Love it. Of course the driver might also be in many separate pieces...

 

[hydtools]

Have a look at this patent. Similar construction.

https://patents.google.com/patent/US6776242

Ted

 

[FoxLair]

Wow! Tons of info here. Buggar, if I was only 15 again the ether suggestion would immediately rise to the top! However, due to lessons learned at the age of 15, I need to put that one on the back burner until I give up on the idea and want to destroy all evidence.

After considering the advice given and realizing that 4X4s float, I don't think I would have enough net mass with 2/3-3/4 of the length of 4x4 underwater. Although thinking outside of the box like Buggar, it may be a super charged water pogo stick.

Per Handleman's comment, The piston is currently adding acceleration. Using 100 Frame/Sec camera and slo-mo the average downward travel time goes from .25 sec in free fall to .19 sec. air assisted. I have 3/8" quick exhaust ports, which helps.

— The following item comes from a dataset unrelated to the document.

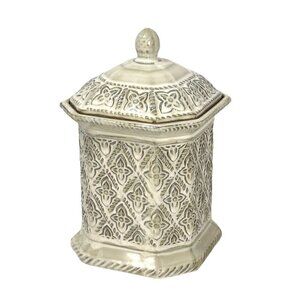 Vintage Ceramic Canister Cookie Jar Cream Kitchen Decor Floral Relief Octagonal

So, I think I will proceed with a combination of increased mass and developing higher/quicker air flow to the cylinder on downstroke of the hammer. Since springs will not be used, I may side mount 2 cylinders, one on each side rather than one on top. This will make it less top heavy and awkward and the second cylinder will add mass along with the addition of some steel attached low on the hammer. Then I can choke down air delivery with a ball valve at the start for easier guidance until the post gets 25-50% driven and then ramp it up as the imbedded post creates more resistance to upward pull. Where i need the most assistance is in the last 25% of depth.

Thanks to all for your feedback, and if you have more comments I am all ears. If you want to pursue Lake Pogo Stick fun, give me a jingle.

 

[Compositepro]

Buy an off the shelf air hammer and replace the tool bit with your rod and cap to drive the post.